For the first time in a decade, obesity in the U.S. is declining — and a new study suggests it’s because of wildly popular medications such as Ozempic.
The number of obese Americans has been steadily climbing for years, and the country’s average body mass index, or BMI, has been creeping up along with it. But in 2023, something changed: Obesity levels fell to 43.96% from 44.1% the year prior. It’s a small decline, but a meaningful one, researchers say. The biggest change occurred in the South, according to the analysis, which also had the highest concentration of prescriptions written for the drugs.
The findings, published Friday in JAMA Health Forum, suggest that blockbuster medications such as Novo Nordisk A/S’s Ozempic and Wegovy and Eli Lilly &Co.’s Mounjaro and Zepbound may actually be starting to move the needle on America’s obesity epidemic.
“We’re already seeing the impact in the data,” Benjamin Rader, the computational epidemiologist at Boston Children’s Hospital who led the study, said in an interview.
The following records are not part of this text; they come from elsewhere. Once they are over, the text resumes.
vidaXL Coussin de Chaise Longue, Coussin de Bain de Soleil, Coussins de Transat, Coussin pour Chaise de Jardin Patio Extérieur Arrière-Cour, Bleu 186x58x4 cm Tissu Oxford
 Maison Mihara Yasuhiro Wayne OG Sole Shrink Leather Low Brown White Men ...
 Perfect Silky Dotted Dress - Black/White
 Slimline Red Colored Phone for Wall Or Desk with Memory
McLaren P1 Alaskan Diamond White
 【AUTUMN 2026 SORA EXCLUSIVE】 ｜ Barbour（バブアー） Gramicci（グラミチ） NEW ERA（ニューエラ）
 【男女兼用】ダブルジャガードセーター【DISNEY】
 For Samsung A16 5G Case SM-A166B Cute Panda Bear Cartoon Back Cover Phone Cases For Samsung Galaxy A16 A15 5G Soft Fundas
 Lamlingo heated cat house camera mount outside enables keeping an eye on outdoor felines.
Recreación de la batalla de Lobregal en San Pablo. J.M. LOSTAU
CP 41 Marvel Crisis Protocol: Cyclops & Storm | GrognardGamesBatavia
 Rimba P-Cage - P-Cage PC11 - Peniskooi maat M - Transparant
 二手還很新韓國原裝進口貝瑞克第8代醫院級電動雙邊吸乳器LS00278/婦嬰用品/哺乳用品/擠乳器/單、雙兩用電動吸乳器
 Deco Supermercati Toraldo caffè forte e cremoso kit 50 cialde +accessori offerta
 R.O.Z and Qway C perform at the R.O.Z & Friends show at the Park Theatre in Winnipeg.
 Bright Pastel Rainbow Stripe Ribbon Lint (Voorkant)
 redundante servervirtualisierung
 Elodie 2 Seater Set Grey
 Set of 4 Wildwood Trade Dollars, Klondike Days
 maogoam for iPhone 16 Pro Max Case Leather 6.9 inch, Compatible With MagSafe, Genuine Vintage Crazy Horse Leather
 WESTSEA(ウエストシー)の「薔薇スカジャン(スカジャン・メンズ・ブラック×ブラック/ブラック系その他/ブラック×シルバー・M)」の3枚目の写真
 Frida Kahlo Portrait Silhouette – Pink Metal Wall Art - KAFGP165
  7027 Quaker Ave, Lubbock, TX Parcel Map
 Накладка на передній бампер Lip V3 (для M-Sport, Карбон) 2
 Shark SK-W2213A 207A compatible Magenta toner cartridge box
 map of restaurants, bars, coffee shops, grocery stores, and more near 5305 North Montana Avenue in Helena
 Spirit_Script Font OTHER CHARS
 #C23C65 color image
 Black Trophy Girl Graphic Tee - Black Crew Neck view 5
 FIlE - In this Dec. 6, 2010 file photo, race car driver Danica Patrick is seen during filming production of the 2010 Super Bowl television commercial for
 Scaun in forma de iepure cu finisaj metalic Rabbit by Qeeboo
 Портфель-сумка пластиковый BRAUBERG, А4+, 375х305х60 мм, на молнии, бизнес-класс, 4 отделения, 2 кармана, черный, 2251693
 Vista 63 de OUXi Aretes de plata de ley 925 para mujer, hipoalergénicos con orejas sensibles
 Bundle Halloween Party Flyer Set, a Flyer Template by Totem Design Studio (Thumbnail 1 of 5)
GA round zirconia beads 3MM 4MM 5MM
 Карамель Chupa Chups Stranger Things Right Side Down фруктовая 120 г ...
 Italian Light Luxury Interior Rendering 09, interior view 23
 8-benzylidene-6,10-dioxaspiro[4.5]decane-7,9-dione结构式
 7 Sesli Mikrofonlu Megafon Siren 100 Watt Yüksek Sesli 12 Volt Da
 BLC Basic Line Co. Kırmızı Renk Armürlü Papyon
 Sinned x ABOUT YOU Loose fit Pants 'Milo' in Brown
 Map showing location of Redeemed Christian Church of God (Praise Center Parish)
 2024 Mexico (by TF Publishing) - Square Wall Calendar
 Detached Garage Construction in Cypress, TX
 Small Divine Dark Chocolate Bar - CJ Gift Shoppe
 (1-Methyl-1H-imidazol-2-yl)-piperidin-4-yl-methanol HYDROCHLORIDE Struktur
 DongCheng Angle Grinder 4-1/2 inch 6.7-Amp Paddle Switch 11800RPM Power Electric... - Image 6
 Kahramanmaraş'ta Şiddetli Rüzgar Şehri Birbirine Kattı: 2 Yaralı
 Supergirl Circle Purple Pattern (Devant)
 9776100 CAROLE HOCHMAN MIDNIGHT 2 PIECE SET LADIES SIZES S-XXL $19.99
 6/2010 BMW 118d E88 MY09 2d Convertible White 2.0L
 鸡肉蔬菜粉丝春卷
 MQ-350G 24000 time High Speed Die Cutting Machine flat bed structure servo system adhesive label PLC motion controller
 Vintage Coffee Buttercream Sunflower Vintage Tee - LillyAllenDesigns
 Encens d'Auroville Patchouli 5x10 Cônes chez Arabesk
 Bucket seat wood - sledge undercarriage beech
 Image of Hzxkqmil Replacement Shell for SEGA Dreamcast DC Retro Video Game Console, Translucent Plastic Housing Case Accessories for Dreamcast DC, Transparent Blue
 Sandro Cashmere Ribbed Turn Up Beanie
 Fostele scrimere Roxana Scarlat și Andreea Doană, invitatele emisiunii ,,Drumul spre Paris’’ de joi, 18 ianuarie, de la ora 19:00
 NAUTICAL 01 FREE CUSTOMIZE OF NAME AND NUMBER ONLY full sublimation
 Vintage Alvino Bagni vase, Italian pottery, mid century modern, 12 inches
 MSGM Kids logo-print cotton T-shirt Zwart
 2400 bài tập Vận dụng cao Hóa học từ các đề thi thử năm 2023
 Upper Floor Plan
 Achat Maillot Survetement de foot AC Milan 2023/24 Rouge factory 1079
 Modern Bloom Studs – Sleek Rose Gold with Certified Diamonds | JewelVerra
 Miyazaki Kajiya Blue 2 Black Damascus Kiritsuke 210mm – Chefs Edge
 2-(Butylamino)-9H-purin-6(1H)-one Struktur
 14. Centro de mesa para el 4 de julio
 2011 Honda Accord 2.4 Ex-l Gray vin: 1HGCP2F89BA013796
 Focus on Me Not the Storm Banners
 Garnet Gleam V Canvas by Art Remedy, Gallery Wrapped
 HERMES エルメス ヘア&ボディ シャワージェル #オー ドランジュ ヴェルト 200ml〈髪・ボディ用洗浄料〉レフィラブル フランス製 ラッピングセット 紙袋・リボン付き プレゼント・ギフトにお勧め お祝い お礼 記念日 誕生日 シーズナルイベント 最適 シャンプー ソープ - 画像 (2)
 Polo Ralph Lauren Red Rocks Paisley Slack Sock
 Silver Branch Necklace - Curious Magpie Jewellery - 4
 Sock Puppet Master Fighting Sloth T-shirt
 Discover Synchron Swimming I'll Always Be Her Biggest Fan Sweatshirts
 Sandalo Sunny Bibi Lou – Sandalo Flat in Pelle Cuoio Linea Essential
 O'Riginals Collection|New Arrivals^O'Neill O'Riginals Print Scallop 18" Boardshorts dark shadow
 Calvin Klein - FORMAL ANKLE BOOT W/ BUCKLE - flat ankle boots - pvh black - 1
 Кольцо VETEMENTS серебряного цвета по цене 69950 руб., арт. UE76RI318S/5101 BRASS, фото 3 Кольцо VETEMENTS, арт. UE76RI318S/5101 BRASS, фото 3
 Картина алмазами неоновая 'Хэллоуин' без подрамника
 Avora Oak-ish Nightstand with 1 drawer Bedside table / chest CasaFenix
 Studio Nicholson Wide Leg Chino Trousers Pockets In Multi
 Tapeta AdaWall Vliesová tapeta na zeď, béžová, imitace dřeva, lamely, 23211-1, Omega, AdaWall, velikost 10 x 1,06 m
Rader and his colleagues analyzed electronic health records and de-identified insurance claims from millions of American adults to track the prevalence of obesity over the last decade. They used the claims data to map prescriptions for drugs such as Ozempic and Mounjaro, part of a class of medications known as GLP-1s.
Millions of Americans struggle with obesity, which is known to increase the risk of dangerous health conditions including diabetes, heart disease and cancer. The rising percentage of overweight and obese Americans is expected to strain the health care system and boost medical costs significantly over the next quarter century if the trend doesn’t reverse, according to a recent study in The Lancet medical journal.
Safe and effective weight-loss medications have the potential to change that trajectory, experts said, but their use has been hampered by widespread supply shortages and high prices that hinder access. Even with those challenges, the drugs are starting to have an impact, Rader said.
“While obesity remains a considerable public health concern, the observed reductions in obesity prevalence suggest an encouraging reversal from long-standing prior increases,” the researchers wrote.
The drug’s impact was most obvious in the South, where obesity rates dropped to 45% from 46% the year prior. In that region, 6% of residents on average received a prescription for weight-loss and diabetes drugs compared to 5.1% of those in the Midwest, 4.4% in the Northeast and 3.4% in the West.
Obesity rates in other regions were flat — except for the West, where they ticked up.
The researchers cautioned that the South experienced a disproportionately high number of deaths from COVID-19 among individuals with obesity, which could have impacted their findings. However, the highest number of COVID deaths occurred prior to 2023, so it wouldn’t explain the entire decline, they said.
Rader expects to see reductions in obesity-related health conditions such as cardiovascular disease as access to the drugs improves. Currently, fewer than 20 state Medicaid programs cover them for weight loss. Medicare, the government health plan for older Americans, doesn’t currently cover weight-loss drugs — though a proposal from the Biden administration could soon change that. About 60% of employers have opted to cover the shots for their employees.